Suicide Squad is a relatively brainless, pop-action spectacle. It's a two hour barrage of bullets and beat downs, meant to introduce a host of characters that we will see ad nauseam in countless future Warner Bros. movies. Suicide Squad never tries to be anything more than the cool whip on top of the sundae. It's the shallowest teen in the high school clique. That is a welcome relief. Writer/director David Ayer makes no attempt to feign serious. He delivers exactly what all the years of publicity and hype promised, a kicks and giggles take on the DC universe. It lacks substance, but is vastly more entertaining than the dismal Batman v Superman.
The death of Superman has opened up a frightening possibility to the U.S. government. What would be our recourse if a super villain, someone or something with immense power, attacked our way of life? Insert Amanda Waller (Viola Davis), an extremely formidable black operations chief. It's her way or death, period. She's captured the world's most dangerous criminals and meta-humans. Then placed them in a top secret prison called Belle Reve in the swamps of Louisiana. Waller's vision, Task Force X, a disposable and disavowable team of baddies to handle the most dangerous of threats.
Waller's biggest prize is Floyd Lawton (Will Smith), aka Deadshot, the world's deadliest hit man. There is Chato Santana (Jay Hernandez), aka El Diablo, a gang banger with the power to incinerate. Digger Harkness (Jai Courtney), aka Captain Boomerang, a hard drinking thief with a penchant for murder. Killer Croc (Adewale Akinnuoye-Agbaje), a mutant half man, half crocodile with a taste for human flash, and last but certainly not least, Dr. Harlene Quinzell (Margot Robbie). A former psychiatrist at Arkham Asylum, Dr. Quinzell fell under the spell of the Joker (Jared Leto). Their romance threw Gotham City into chaos. Her capture left the clown prince heartbroken. Nothing will stop him from getting her back.
The overall plot of Suicide Squad is fairly pedantic. The usual end of the world nonsense. What works is the interplay between characters. Will Smith, Jared Leto, and Margot Robbie are at the forefront. Smith is the star of the film, with a lot of time devoted to his back story. His skill as an assassin is effectively portrayed. He never misses. When you're fighting legions of mutated bad guys, it's good to have a guy that puts every shell square between the eyes. There's the requisite Will Smith quips that I could have honestly done without, but to be fair, had the audience laughing. Robbie's turn as Harley Quinn is drawn tile for tile from the comics. She's sexualized, vicious, and psychotically infatuated with the Joker. Their love story is a major part of the film.

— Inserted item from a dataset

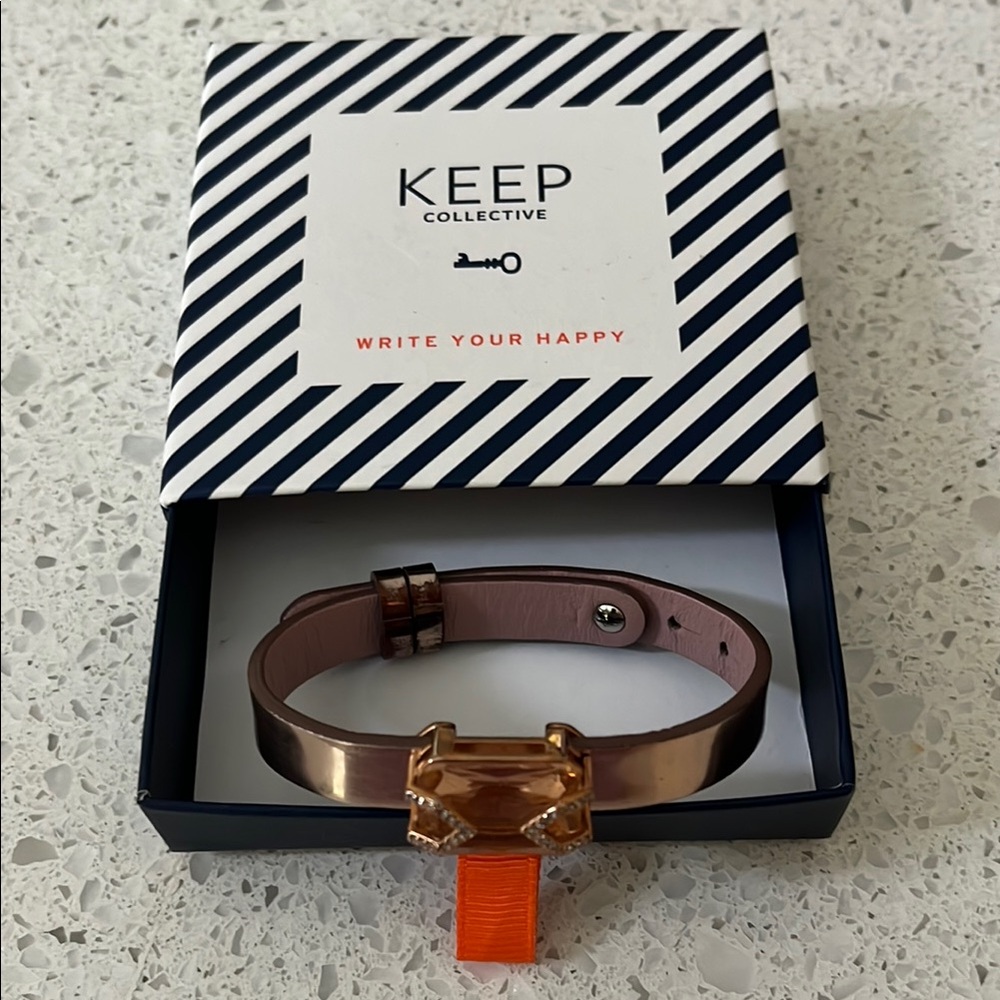 Keep Collective Rose Gold Bracelet & Charm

I'm on the fence with Jared Leto's incarnation of the Joker. On one hand, he looks absolutely fantastic. Ayer has updated the character's style to a 21st century punk gangster. He has quite a bit to do in Suicide Squad, but we only get hints of his character. He cackles like the Joker, but just didn't come off as scary or threatening. Heath Ledger's Joker was a devastatingly evil psychopath. It may be that Leto needs more screen time to make the Joker his own. I look forward to see where Warner Bros. takes this character. It's unfortunate, but the comparisons to Ledger's performance will continue until Leto surpasses him.
Suicide Squad lays a lot of groundwork for the upcoming Justice League. The tie-ins aren't exactly smooth, but this seems to be par for the DC course. Marvel films are above and beyond their DC counterparts in that regard. There's a whole lot of arguing that can be done as to why this is the case, but it's not terribly distracting in Suicide Squad.
Suicide Squad runs at a quick pace. Fueled by a classic rock and rap soundtrack that I found likeable with David Ayer's direction. It's hardly serious, in no way memorable, but entertaining enough to warrant a second viewing. For all the build-up about bad guys being good guys, Viola Davis' Amanda Waller is easily the deadliest character of the bunch.